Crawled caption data
»»

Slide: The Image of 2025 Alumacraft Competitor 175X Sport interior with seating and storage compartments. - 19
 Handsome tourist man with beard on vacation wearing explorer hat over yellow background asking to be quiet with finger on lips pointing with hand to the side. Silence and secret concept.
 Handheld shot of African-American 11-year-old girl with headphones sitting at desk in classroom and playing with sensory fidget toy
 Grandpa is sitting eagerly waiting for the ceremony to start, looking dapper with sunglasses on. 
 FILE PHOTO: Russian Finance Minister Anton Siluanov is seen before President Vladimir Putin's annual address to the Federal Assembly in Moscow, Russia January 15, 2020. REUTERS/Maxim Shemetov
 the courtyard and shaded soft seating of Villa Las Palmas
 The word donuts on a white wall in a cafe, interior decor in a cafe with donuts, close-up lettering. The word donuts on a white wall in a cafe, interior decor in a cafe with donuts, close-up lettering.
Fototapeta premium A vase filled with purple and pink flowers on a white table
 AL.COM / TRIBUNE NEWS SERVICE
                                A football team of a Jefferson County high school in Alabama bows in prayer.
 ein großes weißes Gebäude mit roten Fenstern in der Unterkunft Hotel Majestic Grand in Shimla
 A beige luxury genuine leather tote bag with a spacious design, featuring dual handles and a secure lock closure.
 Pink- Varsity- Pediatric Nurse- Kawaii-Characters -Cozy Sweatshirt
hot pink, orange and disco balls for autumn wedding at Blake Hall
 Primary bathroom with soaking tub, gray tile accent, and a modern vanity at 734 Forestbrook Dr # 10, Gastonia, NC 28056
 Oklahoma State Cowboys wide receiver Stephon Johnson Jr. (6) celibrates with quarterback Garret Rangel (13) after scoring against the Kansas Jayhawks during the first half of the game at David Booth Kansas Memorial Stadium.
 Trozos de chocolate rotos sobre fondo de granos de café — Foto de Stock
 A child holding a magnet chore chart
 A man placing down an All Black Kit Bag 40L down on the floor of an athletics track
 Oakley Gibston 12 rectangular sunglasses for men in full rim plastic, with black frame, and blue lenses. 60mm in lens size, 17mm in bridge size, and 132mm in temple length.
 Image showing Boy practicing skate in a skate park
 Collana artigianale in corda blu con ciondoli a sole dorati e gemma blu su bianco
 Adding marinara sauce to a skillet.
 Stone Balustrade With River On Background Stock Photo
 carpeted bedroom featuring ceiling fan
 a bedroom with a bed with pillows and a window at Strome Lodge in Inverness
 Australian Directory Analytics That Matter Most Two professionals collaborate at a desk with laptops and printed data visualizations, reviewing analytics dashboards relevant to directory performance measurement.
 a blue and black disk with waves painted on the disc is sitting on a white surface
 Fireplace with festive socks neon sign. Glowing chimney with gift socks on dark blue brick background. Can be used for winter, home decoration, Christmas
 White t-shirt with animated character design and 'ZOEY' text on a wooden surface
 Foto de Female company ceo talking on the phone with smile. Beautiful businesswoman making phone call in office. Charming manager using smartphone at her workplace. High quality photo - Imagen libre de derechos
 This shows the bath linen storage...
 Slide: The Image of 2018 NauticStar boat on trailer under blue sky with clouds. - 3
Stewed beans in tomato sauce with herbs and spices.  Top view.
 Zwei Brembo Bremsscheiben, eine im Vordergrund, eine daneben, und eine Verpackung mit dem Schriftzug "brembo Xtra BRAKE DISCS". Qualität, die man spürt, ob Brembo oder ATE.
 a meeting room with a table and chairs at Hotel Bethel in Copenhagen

««

▶ [ACTIVITY] Restate every entry word for word.

▶ [RESULT BELOW]
Slide: The Image of 2025 Alumacraft Competitor 175X Sport interior with seating and storage compartments. - 19
 Handsome tourist man with beard on vacation wearing explorer hat over yellow background asking to be quiet with finger on lips pointing with hand to the side. Silence and secret concept.
 Handheld shot of African-American 11-year-old girl with headphones sitting at desk in classroom and playing with sensory fidget toy
 Grandpa is sitting eagerly waiting for the ceremony to start, looking dapper with sunglasses on. 
 FILE PHOTO: Russian Finance Minister Anton Siluanov is seen before President Vladimir Putin's annual address to the Federal Assembly in Moscow, Russia January 15, 2020. REUTERS/Maxim Shemetov
 the courtyard and shaded soft seating of Villa Las Palmas
 The word donuts on a white wall in a cafe, interior decor in a cafe with donuts, close-up lettering. The word donuts on a white wall in a cafe, interior decor in a cafe with donuts, close-up lettering.
Fototapeta premium A vase filled with purple and pink flowers on a white table
 AL.COM / TRIBUNE NEWS SERVICE
                                A football team of a Jefferson County high school in Alabama bows in prayer.
 ein großes weißes Gebäude mit roten Fenstern in der Unterkunft Hotel Majestic Grand in Shimla
 A beige luxury genuine leather tote bag with a spacious design, featuring dual handles and a secure lock closure.
 Pink- Varsity- Pediatric Nurse- Kawaii-Characters -Cozy Sweatshirt
hot pink, orange and disco balls for autumn wedding at Blake Hall
 Primary bathroom with soaking tub, gray tile accent, and a modern vanity at 734 Forestbrook Dr # 10, Gastonia, NC 28056
 Oklahoma State Cowboys wide receiver Stephon Johnson Jr. (6) celibrates with quarterback Garret Rangel (13) after scoring against the Kansas Jayhawks during the first half of the game at David Booth Kansas Memorial Stadium.
 Trozos de chocolate rotos sobre fondo de granos de café — Foto de Stock
 A child holding a magnet chore chart
 A man placing down an All Black Kit Bag 40L down on the floor of an athletics track
 Oakley Gibston 12 rectangular sunglasses for men in full rim plastic, with black frame, and blue lenses. 60mm in lens size, 17mm in bridge size, and 132mm in temple length.
 Image showing Boy practicing skate in a skate park
 Collana artigianale in corda blu con ciondoli a sole dorati e gemma blu su bianco
 Adding marinara sauce to a skillet.
 Stone Balustrade With River On Background Stock Photo
 carpeted bedroom featuring ceiling fan
 a bedroom with a bed with pillows and a window at Strome Lodge in Inverness
 Australian Directory Analytics That Matter Most Two professionals collaborate at a desk with laptops and printed data visualizations, reviewing analytics dashboards relevant to directory performance measurement.
 a blue and black disk with waves painted on the disc is sitting on a white surface
 Fireplace with festive socks neon sign. Glowing chimney with gift socks on dark blue brick background. Can be used for winter, home decoration, Christmas
 White t-shirt with animated character design and 'ZOEY' text on a wooden surface
 Foto de Female company ceo talking on the phone with smile. Beautiful businesswoman making phone call in office. Charming manager using smartphone at her workplace. High quality photo - Imagen libre de derechos
 This shows the bath linen storage...
 Slide: The Image of 2018 NauticStar boat on trailer under blue sky with clouds. - 3
Stewed beans in tomato sauce with herbs and spices.  Top view.
 Zwei Brembo Bremsscheiben, eine im Vordergrund, eine daneben, und eine Verpackung mit dem Schriftzug "brembo Xtra BRAKE DISCS". Qualität, die man spürt, ob Brembo oder ATE.
 a meeting room with a table and chairs at Hotel Bethel in Copenhagen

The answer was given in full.